* Instructions for the task
The records below need to be set down again exactly; their images stay out.

────────

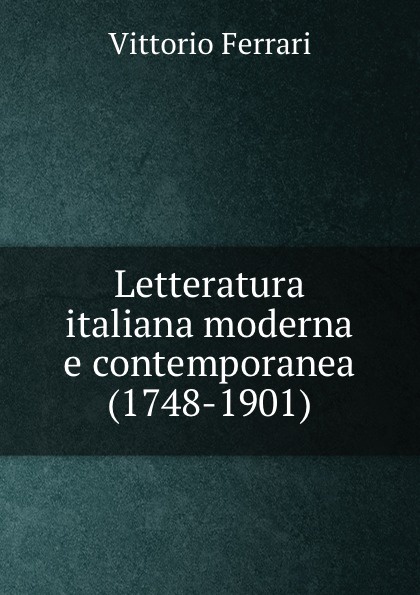 Letteratura italiana moderna e contemporanea (1748-1901)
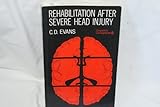 Rehabilitation after severe head injury
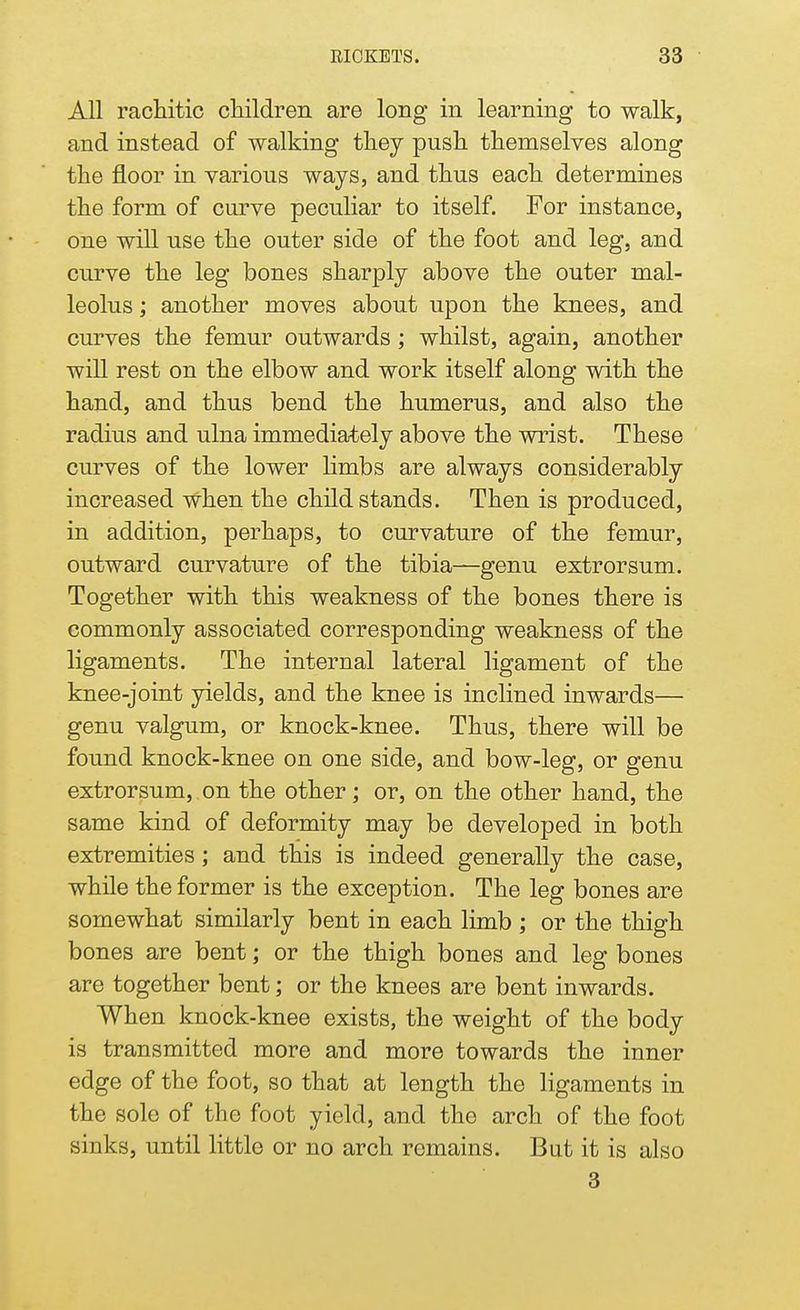 All rachitic children are long in learning to walk, and instead of walking they push themselves along the floor in various ways, and thus each determines the form of curve peculiar to itself. For instance, one will use the outer side of the foot and leg, and curve the leg bones sharply above the outer mal- leolus ; another moves about upon the knees, and curves the femur outwards ; whilst, again, another will rest on the elbow and work itself along with the hand, and thus bend the humerus, and also the radius and ulna immediately above the wrist. These curves of the lower limbs are always considerably increased when the child stands. Then is produced, in addition, perhaps, to curvature of the femur, outward curvature of the tibia—genu extrorsum. Together with this weakness of the bones there is commonly associated corresponding weakness of the ligaments. The internal lateral ligament of the knee-joint yields, and the knee is inclined inwards— genu valgum, or knock-knee. Thus, there will be found knock-knee on one side, and bow-leg, or genu extrorsum, on the other; or, on the other hand, the same kind of deformity may be developed in both extremities; and this is indeed generally the case, while the former is the exception. The leg bones are somewhat similarly bent in each limb ; or the thigh bones are bent; or the thigh bones and leg bones are together bent; or the knees are bent inwards. When knock-knee exists, the weight of the body is transmitted more and more towards the inner edge of the foot, so that at length the ligaments in the sole of the foot yield, and the arch of the foot sinks, until little or no arch remains. But it is also 3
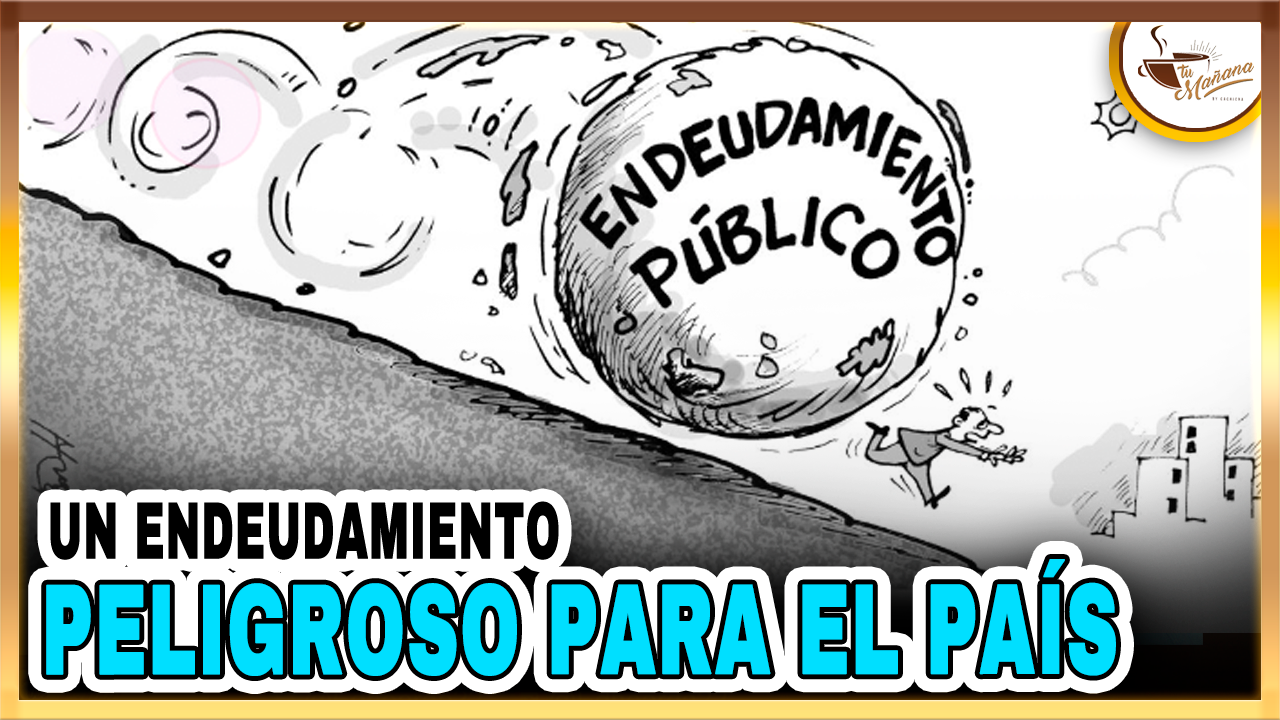 Un Endeudamiento Peligroso Para El País | Tu Mañana By Cachicha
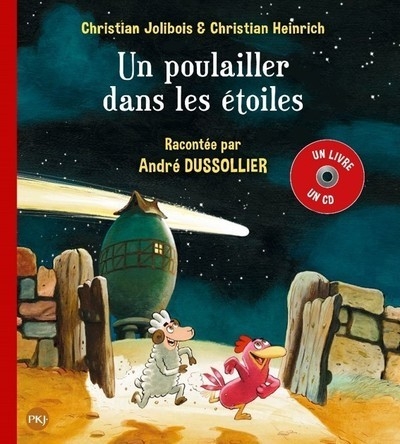 Un poulailler dans les étoiles - tome 2 - livre + cd - Image principale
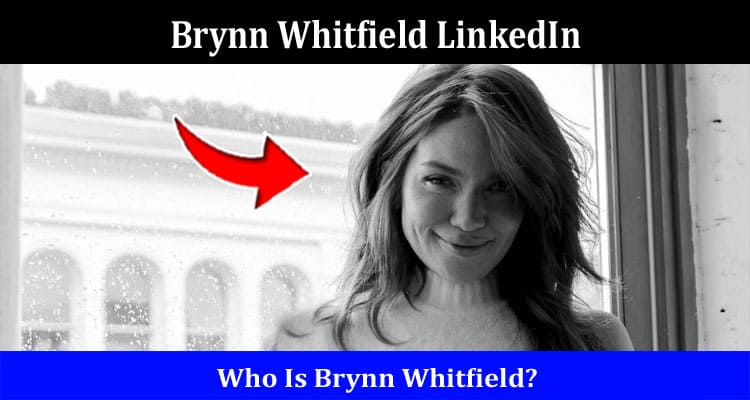 Latest News Brynn Whitfield LinkedIn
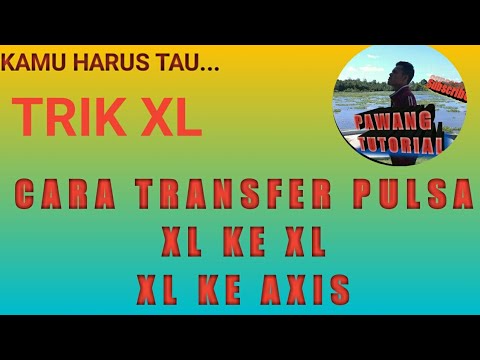 Cara Transfer Pulsa XL ke Nomor Lain. 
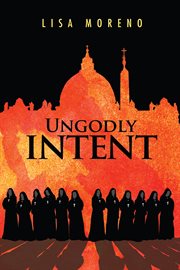 Ungodly intent cover image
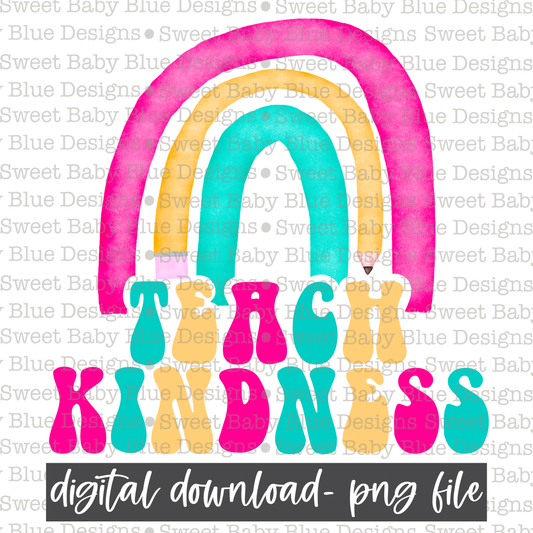 Teach kindness- School- 2021 - PNG file- Digital Download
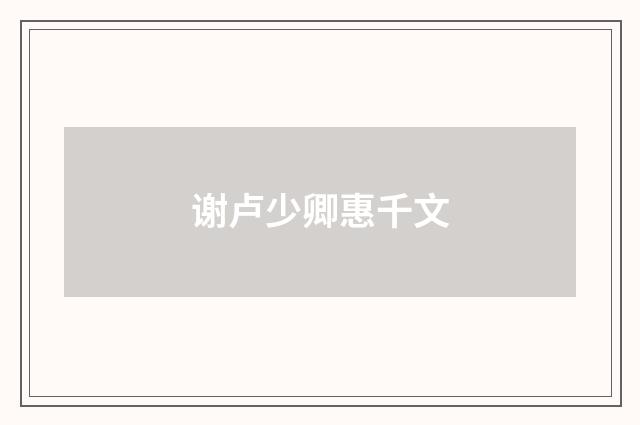 谢卢少卿惠千文
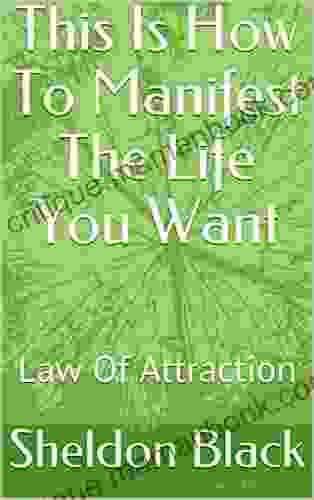 This Is How To Manifest The Life You Want: Law Of Attraction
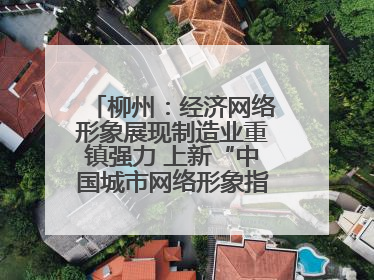 柳州：经济网络形象展现制造业重镇强力 上新“中国城市网络形象指数”报告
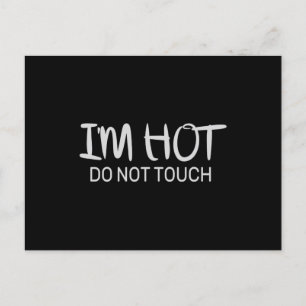 Carte Postale Je suis chaud Ne touche pas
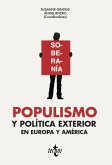 Populismo y política exterior en Europa y América (eBook, ePUB)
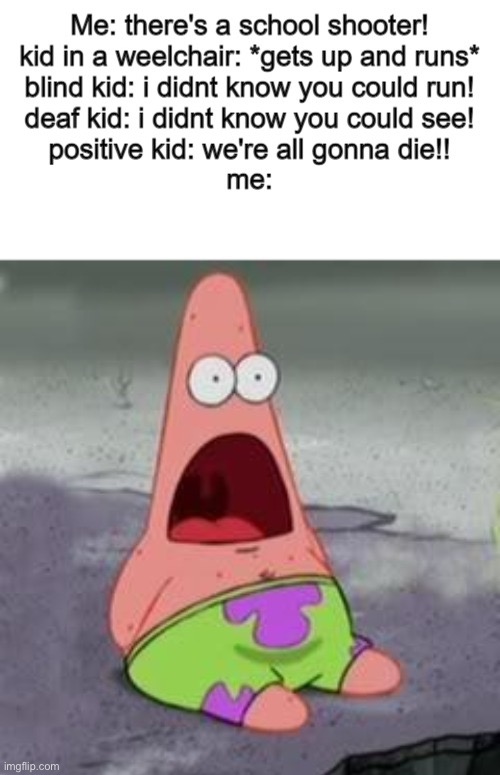 Oh my | image tagged in surprised patrick | made w/ Imgflip meme maker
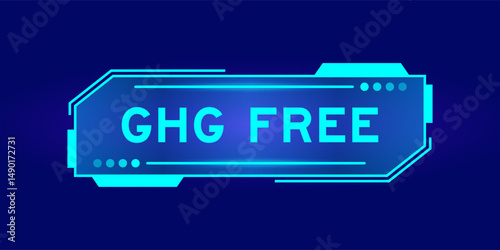 Futuristic hud banner that have word GHG (Abbreviation of greenhouse gas) free on user interface screen on blue background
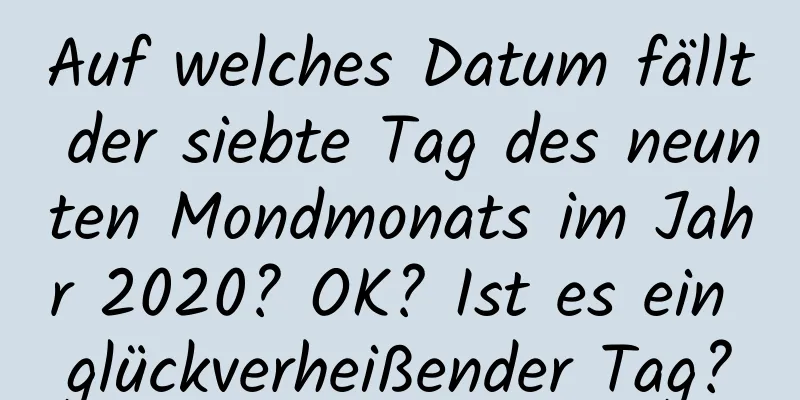 Auf welches Datum fällt der siebte Tag des neunten Mondmonats im Jahr 2020? OK? Ist es ein glückverheißender Tag?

────────

* Answer to the exercise
 Letteratura italiana moderna e contemporanea (1748-1901)
 Rehabilitation after severe head injury
 All rachitic children are long in learning to walk, and instead of walking they push themselves along the floor in various ways, and thus each determines the form of curve peculiar to itself. For instance, one will use the outer side of the foot and leg, and curve the leg bones sharply above the outer mal- leolus ; another moves about upon the knees, and curves the femur outwards ; whilst, again, another will rest on the elbow and work itself along with the hand, and thus bend the humerus, and also the radius and ulna immediately above the wrist. These curves of the lower limbs are always considerably increased when the child stands. Then is produced, in addition, perhaps, to curvature of the femur, outward curvature of the tibia—genu extrorsum. Together with this weakness of the bones there is commonly associated corresponding weakness of the ligaments. The internal lateral ligament of the knee-joint yields, and the knee is inclined inwards— genu valgum, or knock-knee. Thus, there will be found knock-knee on one side, and bow-leg, or genu extrorsum, on the other; or, on the other hand, the same kind of deformity may be developed in both extremities; and this is indeed generally the case, while the former is the exception. The leg bones are somewhat similarly bent in each limb ; or the thigh bones are bent; or the thigh bones and leg bones are together bent; or the knees are bent inwards. When knock-knee exists, the weight of the body is transmitted more and more towards the inner edge of the foot, so that at length the ligaments in the sole of the foot yield, and the arch of the foot sinks, until little or no arch remains. But it is also 3
 Un Endeudamiento Peligroso Para El País | Tu Mañana By Cachicha
 Un poulailler dans les étoiles - tome 2 - livre + cd - Image principale
 Latest News Brynn Whitfield LinkedIn
 Cara Transfer Pulsa XL ke Nomor Lain. 
 Ungodly intent cover image
 Teach kindness- School- 2021 - PNG file- Digital Download
 谢卢少卿惠千文
 This Is How To Manifest The Life You Want: Law Of Attraction
 柳州：经济网络形象展现制造业重镇强力 上新“中国城市网络形象指数”报告
 Carte Postale Je suis chaud Ne touche pas
 Populismo y política exterior en Europa y América (eBook, ePUB)
 Oh my | image tagged in surprised patrick | made w/ Imgflip meme maker
 Futuristic hud banner that have word GHG (Abbreviation of greenhouse gas) free on user interface screen on blue background
 Auf welches Datum fällt der siebte Tag des neunten Mondmonats im Jahr 2020? OK? Ist es ein glückverheißender Tag?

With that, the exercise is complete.